As shown in FIG. 4, one technique for simulating cracking or aged stonewall panels may be carried out by manipulating the substrate 24 by, for example, creating a fold 28 in panel 14, as illustrated in step (b) in FIG. 4, just prior to a complete drying or hardening of the composition layer 26. For example, if using one of the aforementioned compositions which has a total hardening time of twenty minutes, at an interval of about fifteen minutes from application of the layer 26 to the substrate 24 the panel 14 may be folded by lifting one side of the panel, as indicated in FIG. 4, to form the fold 28 and then returning the panel to a planar position. This action will form a crack or crevice 30, as shown in FIGS. 2 and 4, in the planar panel 14.

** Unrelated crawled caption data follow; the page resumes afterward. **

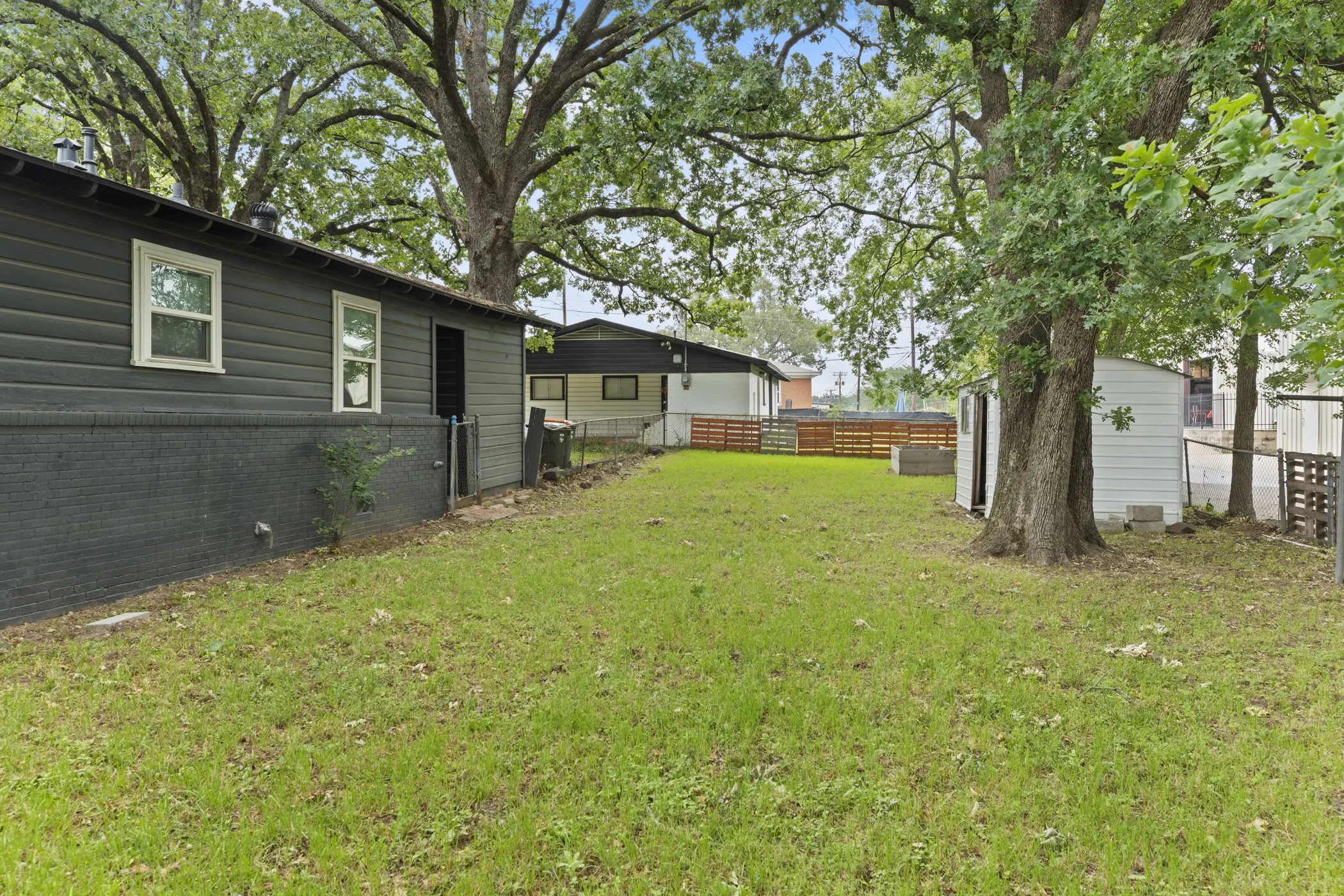 Single Family Residence For Sale in Smith County , 2807 Willard Drive, Tyler, Texas 75707, 2 Bedrooms, 1 Bathroom, Garage spaces, 1,000 Sqft, built in 1956, Price $188,900, mls#21270980, Real Estate Agent in Tyler, Homes For Sale in Smith county, Homes For Sale in Tyler, Realtor in Tyler Texas, Real Estate Brokerage Independent Realty Texas, Luminita Cordes Realtor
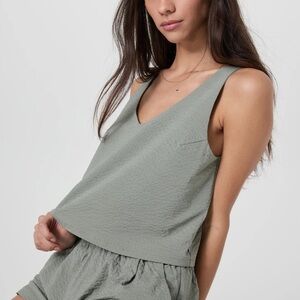 Vuori Villa Textured Crop Tank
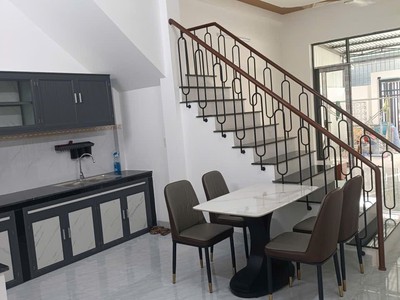 Nhà đẹp   giá tốt   chính chủ cần bán nhà tại 15/25 đường lê quý đôn, thành phố quảng ngãi 2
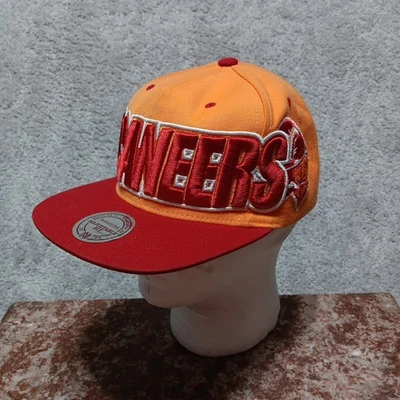 Sombrero Mitchell And Ness Colección Vintage Snapback Tampa Bay Buccaneers Spellout Foto 1 de 4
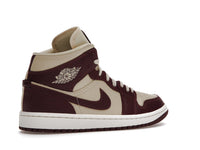 Air Jordan 1 Mid SE Split Beach Cherrywood Red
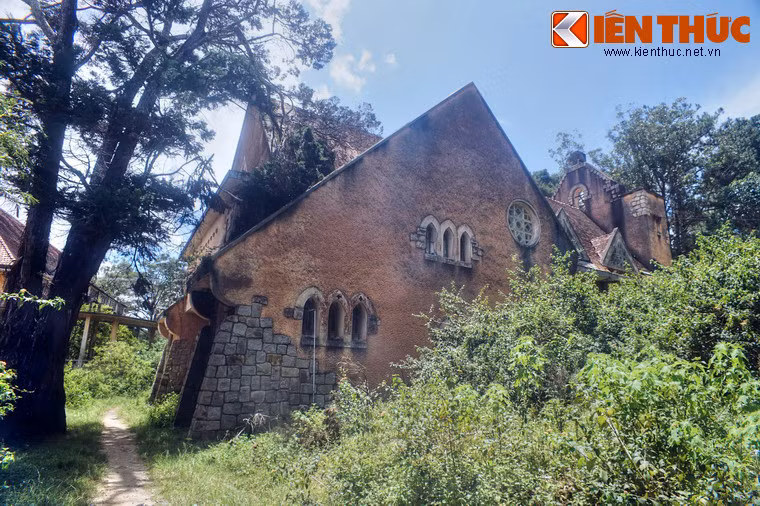 Trong thời gian này, nhà nguyện cổ và khu nội viện được dùng làm nhà kho, phòng học thể dục và chỗ ở.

Upon forming a first crack or crevice 30 the panel 14 may be quickly folded at another fold in any one direction, as indicated at 33, in FIG. 4, step (c), to form a second crack or crevice 34. The panel 14 is, after making fold 33, returned to a planar position, as shown. Thus, the composition layer 26 is firm enough at about seventy-five percent to one hundred percent of the full hardening or setting time to form a permanent crack without the risk of more substantial change to the composition layer.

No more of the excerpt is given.